An UpToDate review on “Cardiac sarcoidosis” (McKenna, 2013) states that “In patients with abnormalities after the initial evaluation, we suggest noninvasive imaging, preferably with cardiovascular magnetic resonance imaging (CMR) and FDG PET to enhance disease detection and monitoring of treatment response.  If neither CMR nor PET is available, we suggest a gallium, thallium, or technetium scan”.

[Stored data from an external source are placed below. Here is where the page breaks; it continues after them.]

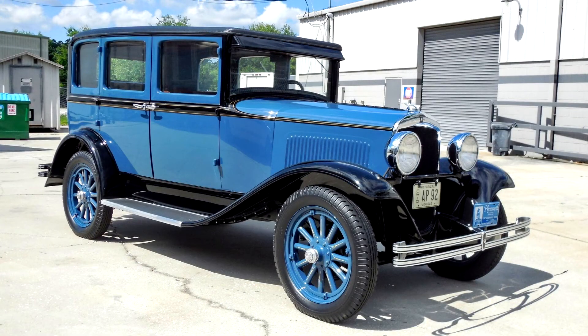This 1928 Plymouth Model Q 4-Door Sedan comes from the first year of production for Chrysler's entry-level Plymouth brand and was assembled at its plant in Highland Park, Michigan.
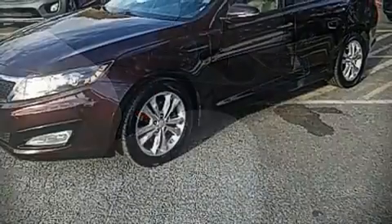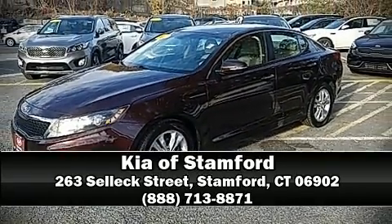Our experienced sales staff is eager to share its knowledge and enthusiasm with you. Stop in and take a test drive.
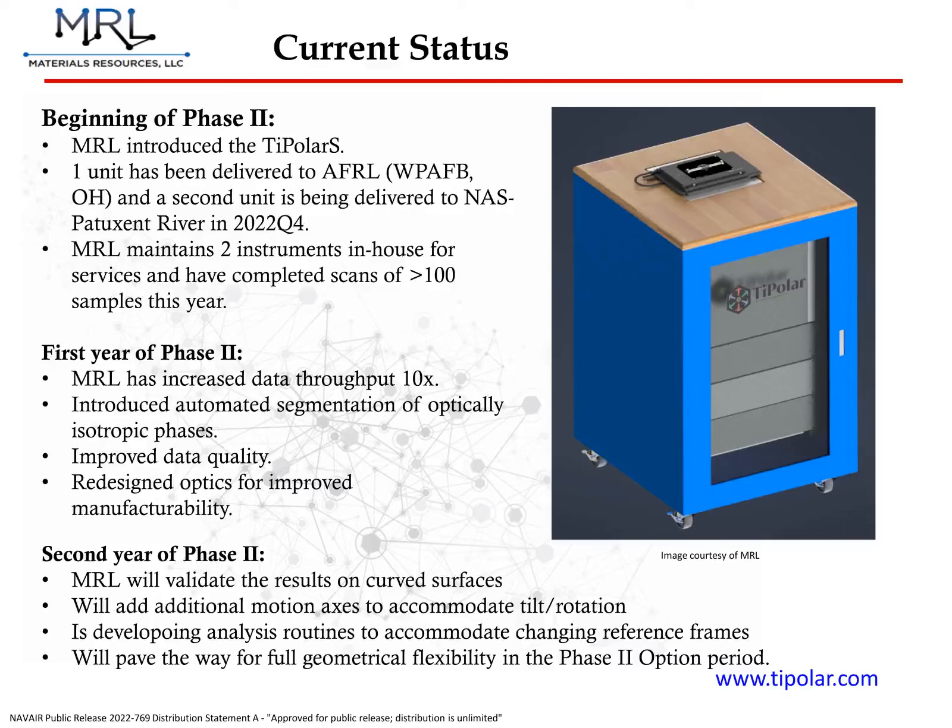At present, our TIPOLAR-S system is fully developed and available for purchase. We have already delivered one unit to the Air Force Research Laboratory at Wright-Patterson Air Force Base, and we have two systems in-house that we use for customer scanning services. As part of the Phase II SBIR effort, we continue to improve the system and expand upon its capabilities. In just the past year, we have completed optimizations yielding substantially increased speed, data quality, and system manufacturability, all while reducing data size and improving usability. We are currently implementing algorithms that allow for the imaging of curved surfaces, with the ultimate goal of characterizing arbitrary surface shapes.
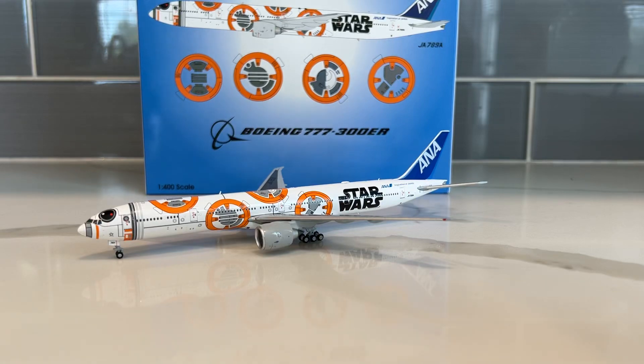Hey, what's going everybody? 757 your series, back with another 1-400 scale model review. And this time, it is a really, really cool plane.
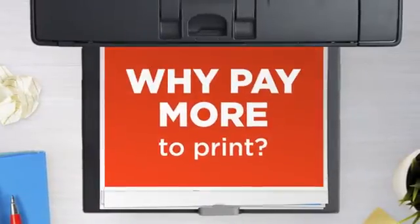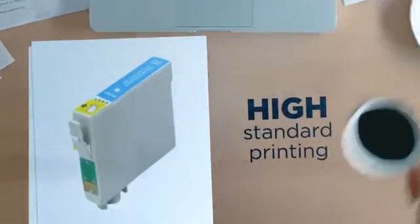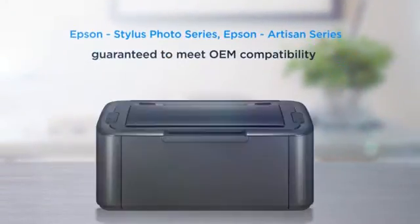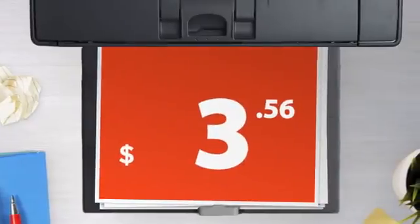Why pay extra on printer ink when you can save big with our compatible ink cartridge at a fraction of the cost? High standard printing delivering superb print quality, compatible with Epson printers and 100% guaranteed to meet OEM compatibility standards. Get this ink cartridge today at less than five dollars.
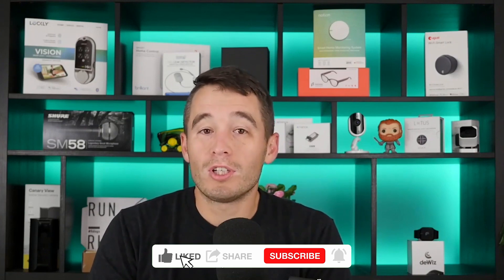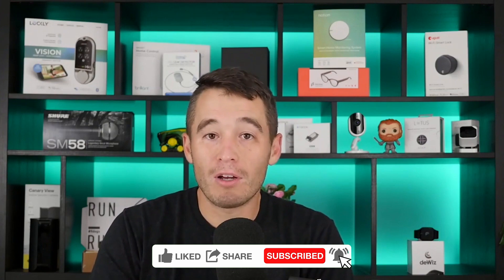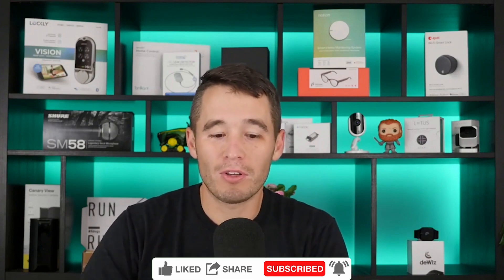But if you're watching this on YouTube, we do appreciate it if you would like the video and subscribe to our channel if you haven't already done so. But other than that, please enjoy this episode of All the Smart Things with Marcus Westerberg of DeWiz Golf.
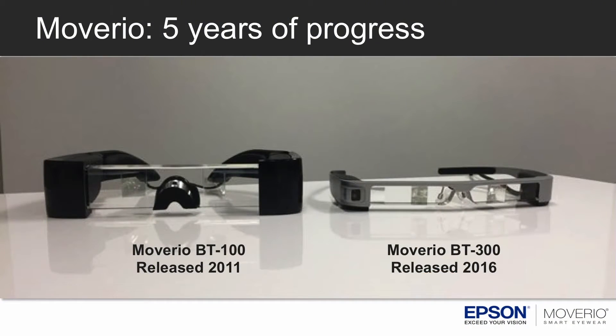Now, I could go into a lot of detail explaining all the spec differences, but I think the picture behind me can speak a thousand words on my behalf. The big thing to remember is the weight difference. We're not going for a fashion statement here, but in five years, progress has been made — from 220 grams back in 2011 to about 67 to 68 grams with the product we're showing at AWE.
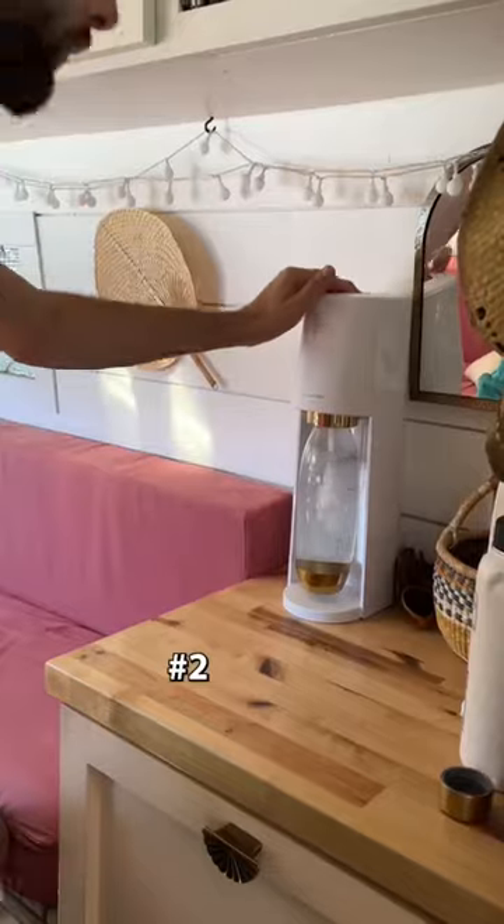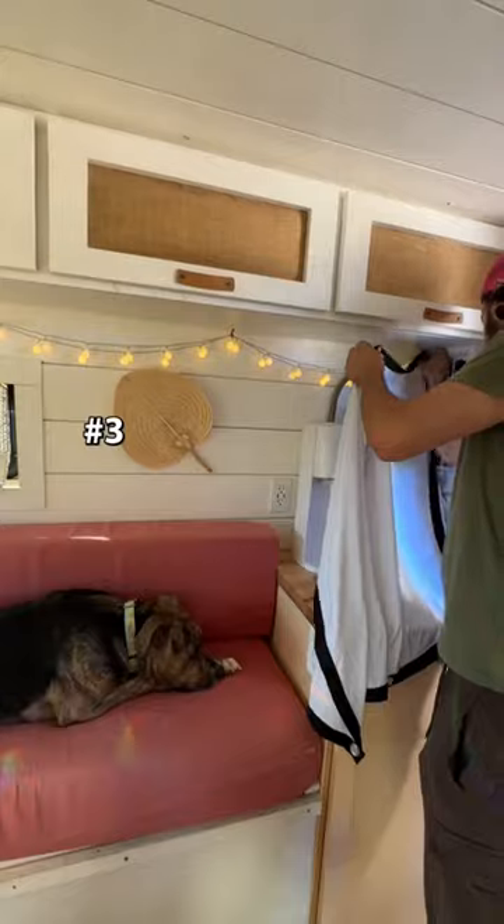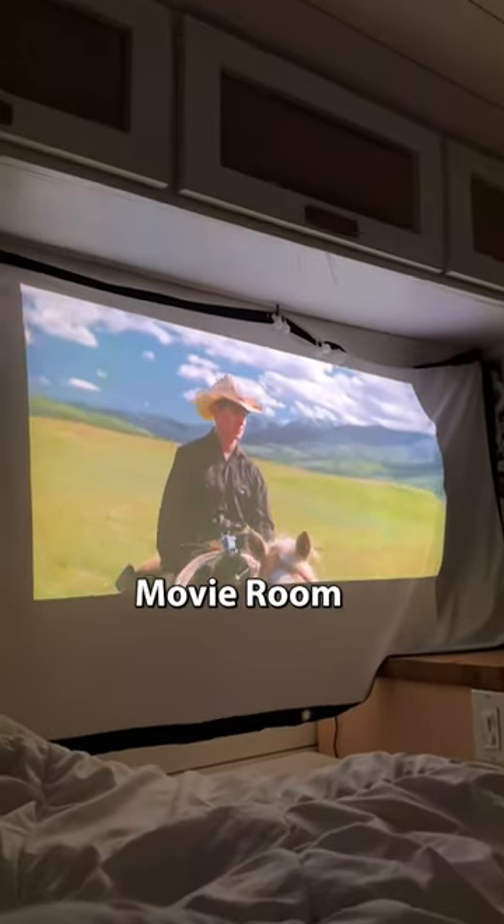Number two is a soda stream. If you're addicted to sparkling water like us, this is the perfect alternative — it's super eco-friendly and doesn't use any power at all. Number three is a projector. We hang up this curtain and quickly convert the back of our van into the perfect movie room.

Maron (2012) stated that hypertrophic cardiomyopathy (HCM) is characterized by substantial genetic and phenotypic heterogeneity, leading to considerable diversity in clinical course including the most common cause of sudden cardiac death (SCD) in young people and a determinant of heart failure symptoms in patients of any age.  Traditionally, 2-dimensional echocardiography has been the most reliable method for establishing a clinical diagnosis of HCM.  However, cardiovascular magnetic resonance (CMR), with its high spatial resolution and tomographic imaging capability, has emerged as a technique particularly well-suited to characterize the diverse phenotypic expression of this complex disease.  For example, CMR is often superior to echocardiography for HCM diagnosis, by identifying areas of segmental hypertrophy (i.e., anterolateral wall or apex) not reliably visualized by echocardiography (or under-estimated in terms of extent).  High-risk HCM patient subgroups identified with CMR include those with thin-walled scarred left ventricular (LV) apical aneurysms (which prior to CMR imaging in HCM remained largely undetected), end-stage systolic dysfunction, and massive LV hypertrophy.  Cardiovascular magnetic resonance observations also suggested that the cardiomyopathic process in HCM is more diffuse than previously regarded, extending beyond the LV myocardium to include thickening of the right ventricular wall as well as substantial morphologic diversity with regard to papillary muscles and mitral valve.  These findings have implications for management strategies in patients undergoing invasive septal reduction therapy.  Among HCM family members, CMR has identified unique phenotypic markers of affected genetic status in the absence of LV hypertrophy including: myocardial crypts, elongated mitral valve leaflets and late gadolinium enhancement (LGE).  The unique capability of contrast-enhanced LGE-CMR to identify myocardial fibrosis has raised the expectation that this may represent a novel marker, which may enhance risk-stratification.  At this time, LGE appears to be an important determinant of adverse LV re-modeling associated with systolic dysfunction.  However, the predictive significance of LGE for SCD is incompletely resolved and ultimately future large prospective studies may provide greater insights into this issue.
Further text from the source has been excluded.